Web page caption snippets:
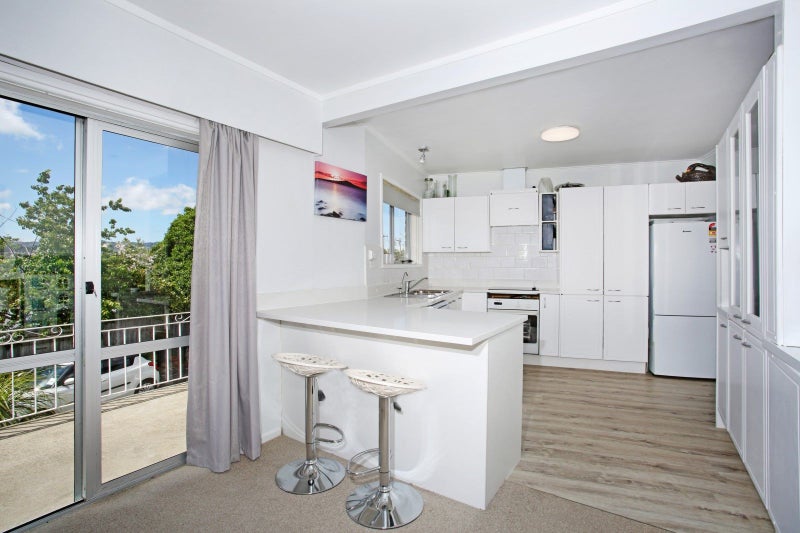 14 Boundary Road, Opaheke, Papakura - Carousel 1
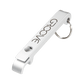 Groove Hi-Pop Pipe Metal Pipe Groove silver  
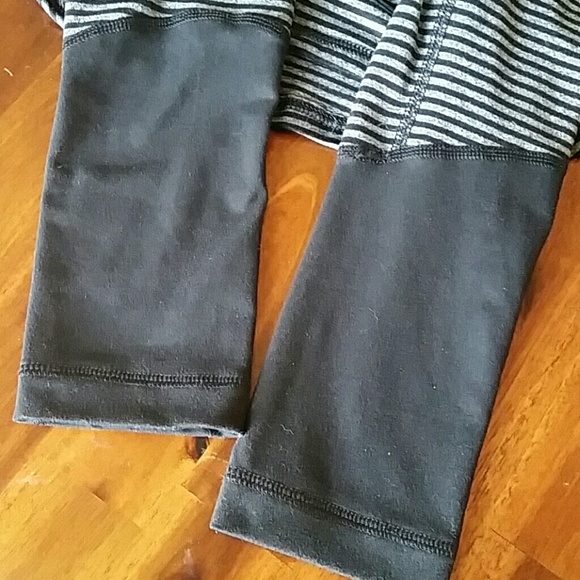 SOLD, DO NOT BUY - Picture 7 of 8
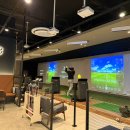 더범어골프 이미지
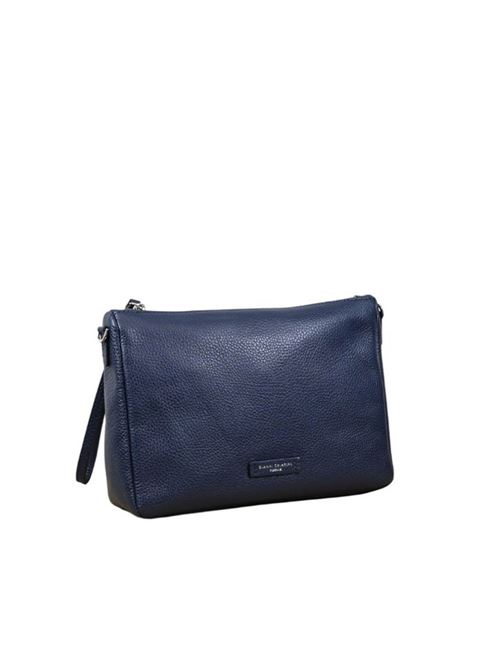 Nora Pouch pochette grande GIANNI CHIARINI | BS10225C0208
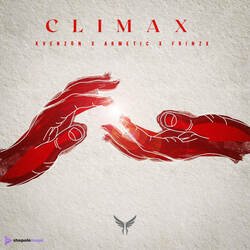 Climax-RQA7AERbeXI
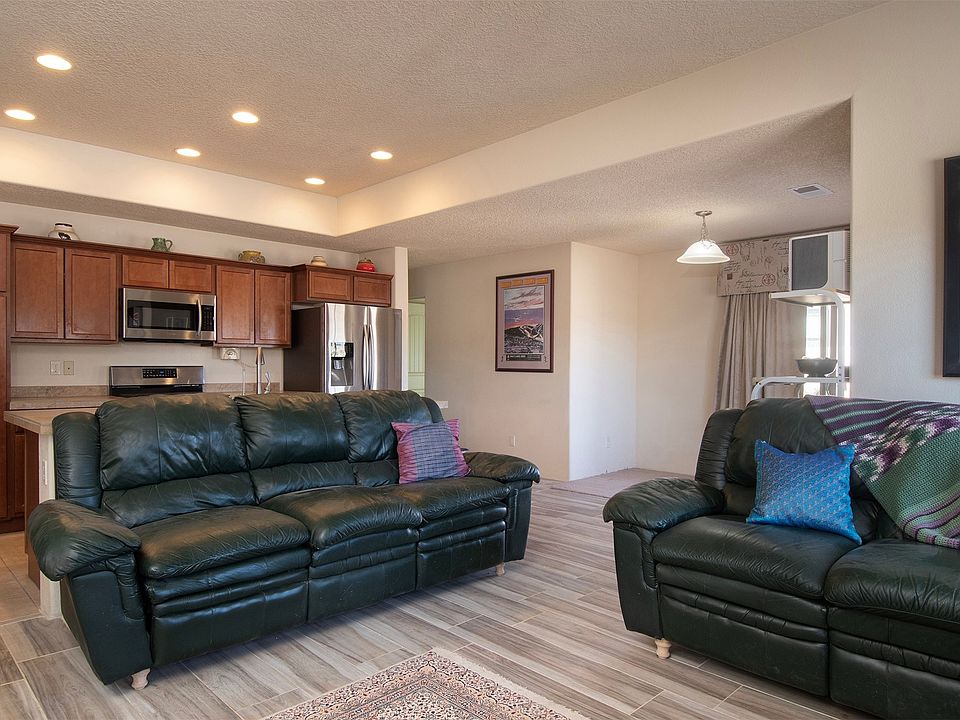 43 La Pradera, Santa Fe, NM 87508 Zillow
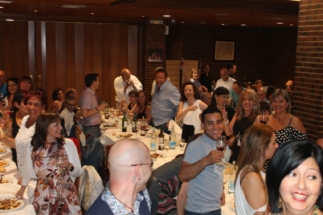 Cena_de_Navidad_2018_075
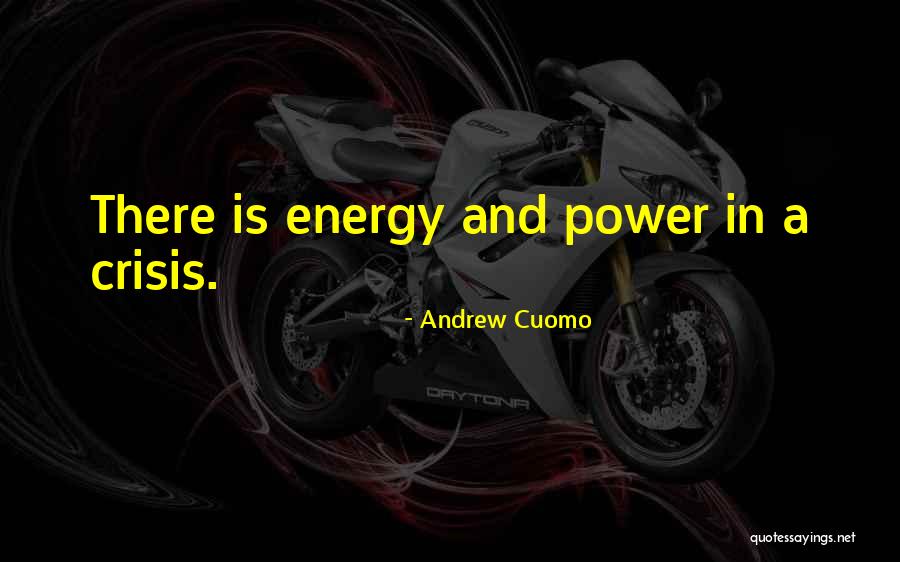Undiscovered Lies Quotes By Andrew Cuomo Undiscovered Lies Quotes By Andrew Cuomo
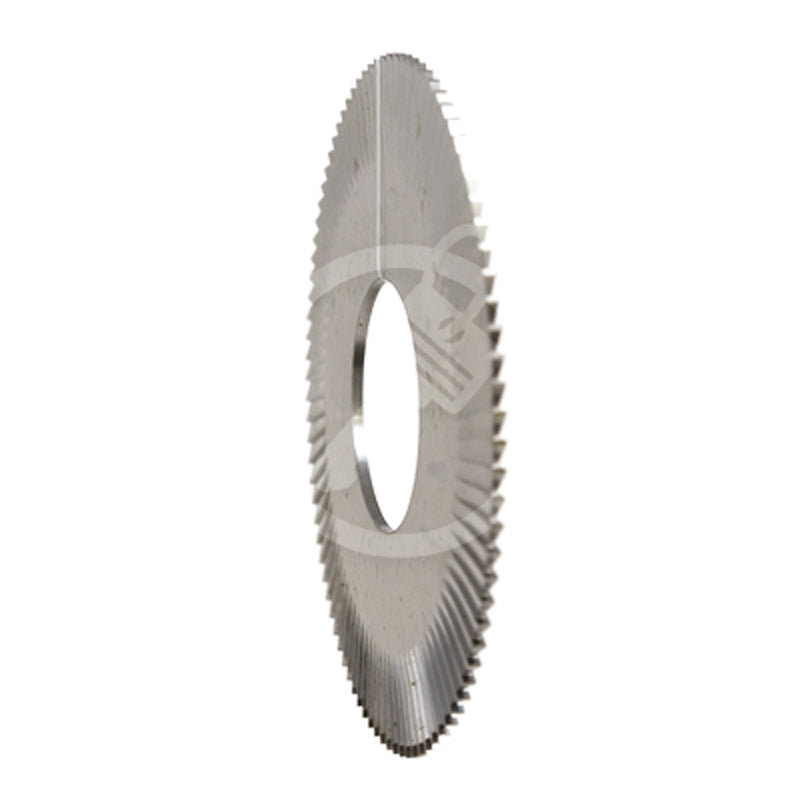 OEM Replacement for Wenxing 0020A Cutter Edge Key Cutting Wheel Raise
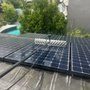 Photo of CleanTech Services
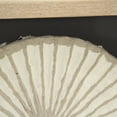 thumbnail image 2 of Abstract Paper Art, 2 of 2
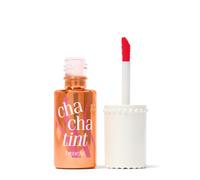 Benefit Cosmetics Chachatint Cheek & Lip Stain - Longwear - Size: 6ml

→ Assigned task
With the images excluded, all entries are to be given again exactly.

→ Problem solution
 14 Boundary Road, Opaheke, Papakura - Carousel 1
 Groove Hi-Pop Pipe Metal Pipe Groove silver  
 SOLD, DO NOT BUY - Picture 7 of 8
 더범어골프 이미지
 Nora Pouch pochette grande GIANNI CHIARINI | BS10225C0208
 Climax-RQA7AERbeXI
 43 La Pradera, Santa Fe, NM 87508 Zillow
 Cena_de_Navidad_2018_075
Undiscovered Lies Quotes By Andrew Cuomo Undiscovered Lies Quotes By Andrew Cuomo
 OEM Replacement for Wenxing 0020A Cutter Edge Key Cutting Wheel Raise
 Photo of CleanTech Services
 thumbnail image 2 of Abstract Paper Art, 2 of 2
 Benefit Cosmetics Chachatint Cheek & Lip Stain - Longwear - Size: 6ml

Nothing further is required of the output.